La soledad de Liz Cheney en un partido que ha vendido su alma le honra, y abre un espacio de libertad frente a la lealtad de rebaño exigida por una organización que se dice, precisamente, defensora de la libertad

ilustración col Máriam
DEL HAMBRE
Máriam Martínez-Bascuñán

Hay algo atrayente en las personas insobornables, especialmente en quienes, con sus vidas y acciones, abren la posibilidad de trascender o cambiar lo que existe. Esta semana, y por razones distintas, he tenido esa sensación al pensar en la valentía de Salman Rushdie, símbolo involuntario de nuestra libertad de expresión, con el firme antitrumpismo de la republicana Liz Cheney y, por supuesto, con Volodímir Zelenski, quien ha obligado a Vladímir Putin a revisar su posición tras los ataques a emplazamientos militares rusos en Crimea. Lo que los tres, con sus luces y sombras, tienen en común, es que sus actos particulares irradian una fuerza de significación universal

El caso de Rushdie parece el más evidente, aunque se haya querido vincular extemporáneamente con la cultura de la cancelación, cuando precisamente él mismo atribuyó el escándalo causado por sus Versos satánicos a un propósito: saber quién tiene el poder sobre las grandes narrativas (en este caso, la historia del Islam) cuando deberían pertenecernos “a todos por igual”. En cuanto a Zelenski, se ha convertido en la figura que encarnaba hoy el ideal de la resistencia. El mensaje de un hombre ordinario haciendo algo extraordinario combate por sí solo la propaganda del Kremlin sobre su nazismo, pero además, los recientes ataques en Crimea activan una poderosa y nueva narrativa de reconquista, situando el punto de partida de la invasión rusa en un territorio que parecía no estar en disputa.
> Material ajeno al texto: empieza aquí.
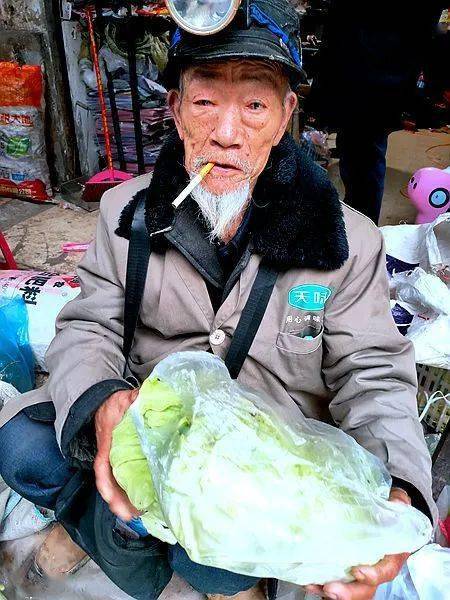 孙大爷今年82岁天天下地种菜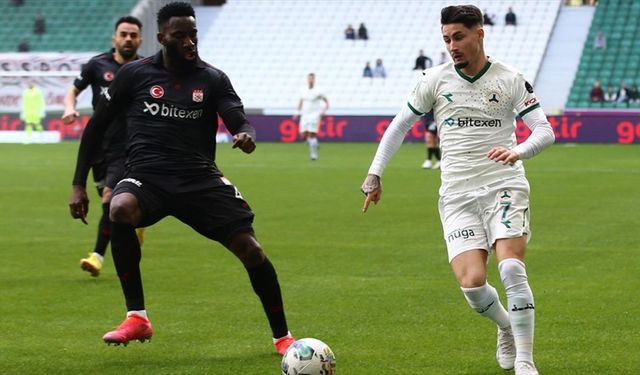 Bitexen Giresunspor, sahasında Demir Grup Sivasspor'u 1-0 mağlup etti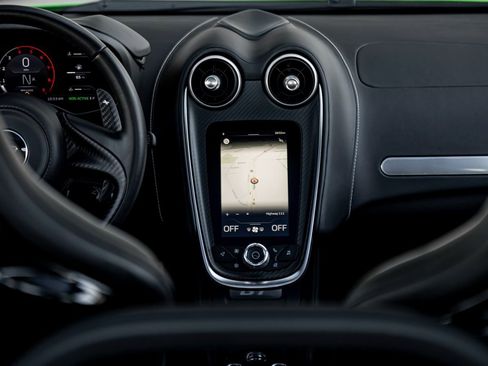 Used 2023 McLaren GT image 17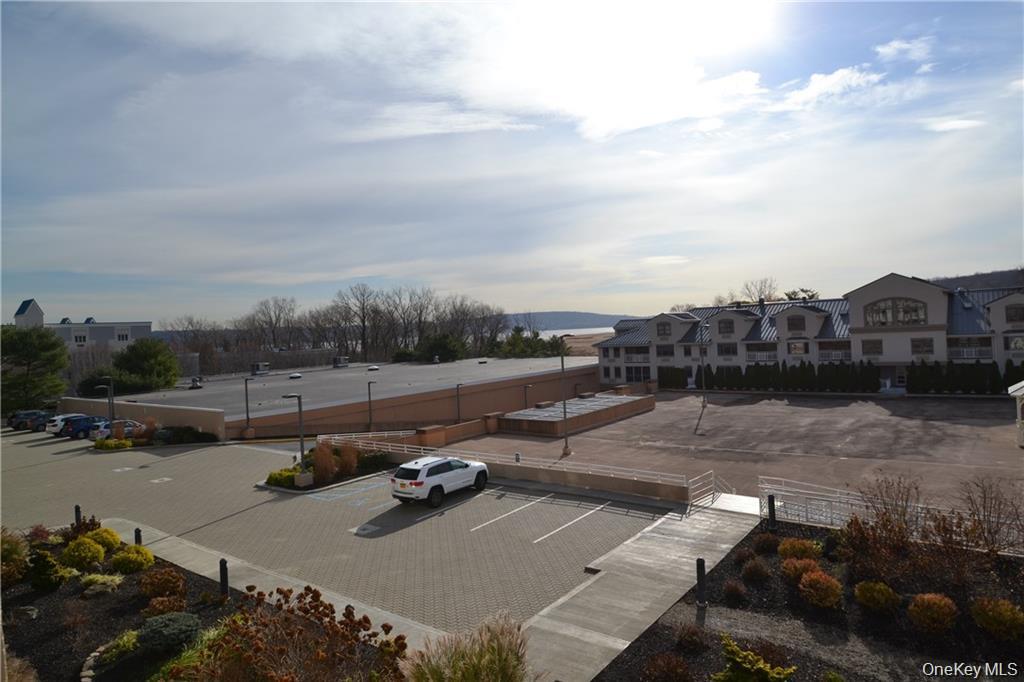 318 Harbor Cove, Unit 318 photo 8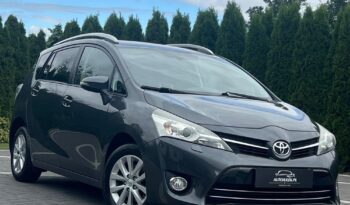 Toyota   Verso    112 Km    Manualna    Fwd (Przód)    Szary
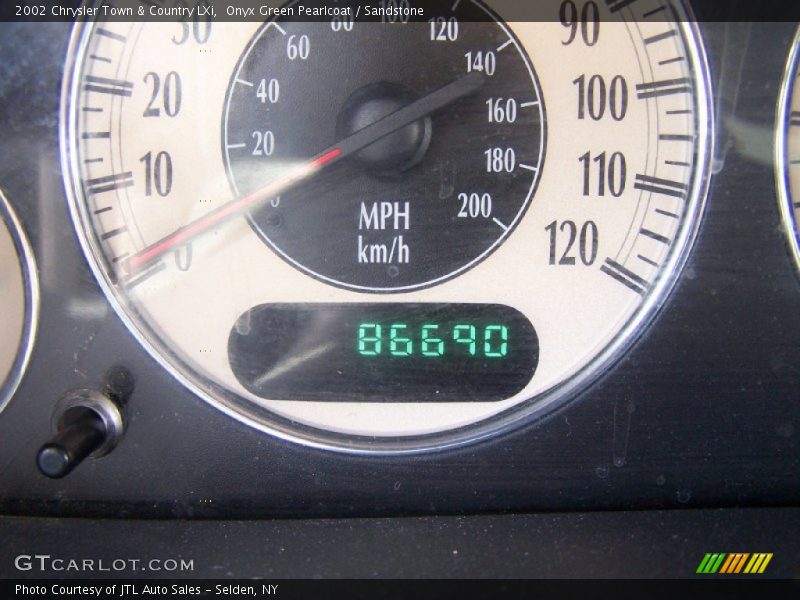 Onyx Green Pearlcoat / Sandstone 2002 Chrysler Town & Country LXi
Así como una acción militar puede cambiar la narrativa de una guerra, una persona puede combatir la desinformación encarnando simbólicamente esa batalla.

Se atribuye a Edmund Burke aquello de que “lo único necesario para el triunfo del mal es que los hombres buenos no hagan nada”. Y quizás por eso saludamos con entusiasmo (y sincera sorpresa) el empeño de la hija del exvicepresidente Dick Cheney en seguir luchando contra Donald Trump, tras su estrepitosa derrota en las primarias de Wyoming frente a la candidata ungida por el magnate. Liz Cheney, contraria al matrimonio homosexual y al aborto, partidaria de la guerra de Irak y crítica con cualquier acuerdo entre israelíes y palestinos, pasa estos días por una traidora ante sus camaradas por su defensa de la legalidad democrática. Tal es la respuesta del Old Party cuando alguien tan abiertamente conservadora se sale de la narrativa extremista simplemente por enfrentarse a Trump. Su soledad en un partido que ha vendido su alma le honra, y abre un espacio de libertad frente a la lealtad de rebaño exigida por una organización que se dice, precisamente, defensora de la libertad. Y aunque nuestras filias y fobias ideológicas dificulten a veces que distingamos la luz que irradian estas acciones a la vez hermanas y dispares, debemos hacer un esfuerzo por valorarlas, porque eso querrá decir que, con todo, aún no hemos acomodado nuestros ojos a la oscuridad, y podemos mirar sin parpadear.